Current sense resistors tend to:
- Be run with little voltage across them.
- Be fairly accurate, since being used for measurement.
- Drift little due to temperature.
- Have low values.
- Sometimes have 4 leads so that you can use a Kelvin connection. Two leads carry the current, then the voltage is measured across the two other leads. This keeps the voltage drop due to current in the leads off the measurement.
There is no absolute difference between the two.
Current sense resistors are generally low-value, high-power resistors. They are intended to develop a small voltage for a given current, so they are low in value. When used in power supplies they may well carry significant current and dissipate significant power, so they tend to be high-power units. For many applications they are not used to measure current with high precision, but this is not guaranteed.
Precision resistors are simply resistors which have stable, well-defined resistance. The existence of non-zero temperature coefficients means that, for a similar size a very high precision resistor will be limited to lower power than a non-precision resistor, although this does not apply for precisions of 1 % or less.
Your picture of a current sense resistor shows a unit which (if you look at it closely) has 1 % precision. The other picture shows resistors with 5% precision (the gold band at left), so they are lower-precision than the current-sense resistor which you show.
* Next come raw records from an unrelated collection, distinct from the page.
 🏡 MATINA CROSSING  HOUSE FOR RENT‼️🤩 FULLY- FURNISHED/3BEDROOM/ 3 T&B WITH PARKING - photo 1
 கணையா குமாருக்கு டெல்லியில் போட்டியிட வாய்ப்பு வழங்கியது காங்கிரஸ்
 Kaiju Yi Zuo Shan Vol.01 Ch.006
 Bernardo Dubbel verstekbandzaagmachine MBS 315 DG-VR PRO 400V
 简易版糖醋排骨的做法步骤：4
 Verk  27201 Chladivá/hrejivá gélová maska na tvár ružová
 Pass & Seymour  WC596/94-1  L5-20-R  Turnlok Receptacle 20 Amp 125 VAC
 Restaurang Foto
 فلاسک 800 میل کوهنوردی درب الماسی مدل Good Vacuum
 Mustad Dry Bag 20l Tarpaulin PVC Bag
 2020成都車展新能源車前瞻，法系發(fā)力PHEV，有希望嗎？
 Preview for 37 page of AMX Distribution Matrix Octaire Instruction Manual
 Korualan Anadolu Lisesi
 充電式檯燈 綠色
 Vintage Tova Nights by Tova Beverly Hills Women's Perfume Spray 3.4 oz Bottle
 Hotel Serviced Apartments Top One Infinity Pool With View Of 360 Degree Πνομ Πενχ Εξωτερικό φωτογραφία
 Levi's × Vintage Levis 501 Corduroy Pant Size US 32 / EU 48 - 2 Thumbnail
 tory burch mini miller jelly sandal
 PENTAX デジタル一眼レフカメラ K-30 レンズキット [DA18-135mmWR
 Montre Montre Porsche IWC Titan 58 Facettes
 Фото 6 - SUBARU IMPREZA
In your case, you need to measure 30 mA. What voltage are you willing to drop across the resistor at this current? Let's assume that you want 0.1 volts. Then the resistor should have a value of $$R = \frac{V}{i} = \frac{0.1}{0.03} = 3.33 \text{ ohns} $$ and at maximum power it will dissipate $$P = i^2 R = (.03)^2 \times 3.33 = 3\text{ mW} $$
As a result, if 0.1 volts is acceptable, you can use a standard 1/10 watt, 1% resistor.